I have seen so much of Babbit’s 2000s directorial work without knowing it at the time, including episodes of “Alias,” “Nip/Tuck” and “Ugly Betty.” Do you think the “Itty Bitty Titty Committee” (2007) aged poorly as a film title? Another of Babbit’s works that she also wrote. I haven’t seen it, but now I want to.

It sounds like this movie contains some outdated gender politics, but I'm still intrigued.

Most batshit crazy outfit:
A competitive selection of typical mid-2000s "Gilmore Girls" weird looks made it difficult to choose a winner. Rory has on some sort of belted top while picking Logan up from the hospital. Lorelai is rocking the shrug while driving Emily around. Jackson’s overalls feel oddly form fitting to me.

Still, I have to give the award to Paris for her bad-fitting polka dot cardigan with some sort of frilly edge. The runner up is Liz, who seems to have borrowed from Logan’s trashy suit blazer collection.

Everyone owned some version of this polka dot cardigan in 2006, likely from Forever 21.

Most irritating Rory or Lorelai moment:
Rory calls up a Wall Street Journal reporter to announce everything Mitchum said about her is accurate, but unfair. What sort of bizarre humblebrag spoiled brat world is Rory living in that she doesn’t actually see this as the PR win that it is? Instead of directing her ire toward the person who deserved it — Mitchum is a Dumpster fire who deserves a lot of hate at this point — Rory calls a journalist to harass her, then caps off the conversation by saying no one will remember the story anyway. FWIW this sort of thing happens all the time in journalism. But as a journalist, Rory really should have known better than to be rude to someone else.

Number of times Rory or Lorelai treat their BFF like shit:
Paris came through alongside Doyle to care for Logan while he recovers from his BASE jumping incident. I am the sort of friend who often hates doing favors for other friends, but it looks like these two are really into their caregiving duties while Rory is at the paper.

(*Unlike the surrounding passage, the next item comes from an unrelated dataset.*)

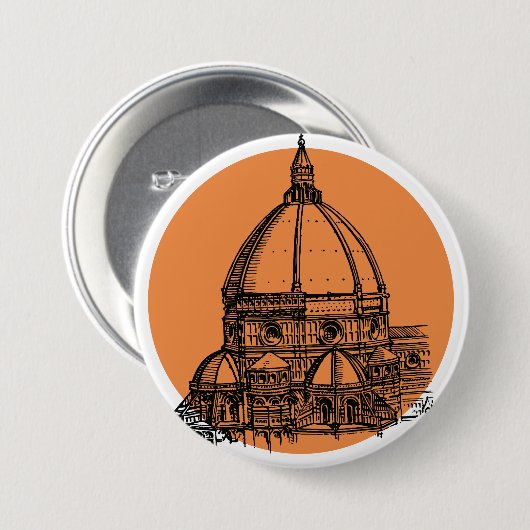 Florence Cathedral Ronde Button 7,6 Cm (Voorkant /achterkant)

Lorelai shows up unannounced at Sookie and Jackson’s at what looks to me like midnight. Do you know how often I let in anyone unannounced, even if it’s in the middle of the afternoon? Never. In fact maybe five or seven years ago, I showed up unannounced at my BFF’s place in Oakland after hosting an event there, and it was probably also around 11:30 p.m. I told her my phone was dead, and I needed to charge it, and there was this insanely hot man who had messaged me on Grindr. She never let me in, but instead let me use an outlet outside and brought a charger out. Recounting this to you now, it’s one of those times I think of myself in the present day and go, “I’ve always been a well-adjusted adult,” and then remember shit like this. WTH was I doing?

Jackson and Sookie are saints for not pretending to be asleep.

Best literary or pop culture references:
The episode title refers to the late 1980s Pulitzer Prize-winning play and Academy Award-winning film “Driving Miss Daisy” (1989).

My personal favorite references happen when Lorelai comes to get Emily for the day’s errands.

Lorelai: I’m sorry Mrs. Onassis, I was looking for my mother.

Lorelai: [Mumbling] Ridiculous Sandra Bernhard overdramatic-
Emily: My hearing’s just fine, Lorelai.

I grew up with Sandra Bernhard on "Roseanne," and didn’t connect the dots she was a theater queen and gay icon; I just learned today she is coming to San Francisco for a few Pride month shows. Also, and this note is especially for Lindsay: did you know Sandra was originally offered Miranda Hobbes on "Sex and the City"? She told Howard Stern the script was bad and the pay sucked.

It sounds like Sandra Bernhard agrees with Minnie Driver on SJP.

Finally, am I the only one who finds it informative when Richard talks about Mt. Rushmore being in South Dakota? I swear I always forget where that thing is until this episode reminds me.

Stars Hollow weirdness:
My favorite side plot is when Michel learns he’s been drinking two percent milk in his morning coffee, thanks to an error the manufacturer had with the top of the milk bottles. He continues to work while jogging in place and giving us Jane Fonda squats and poses.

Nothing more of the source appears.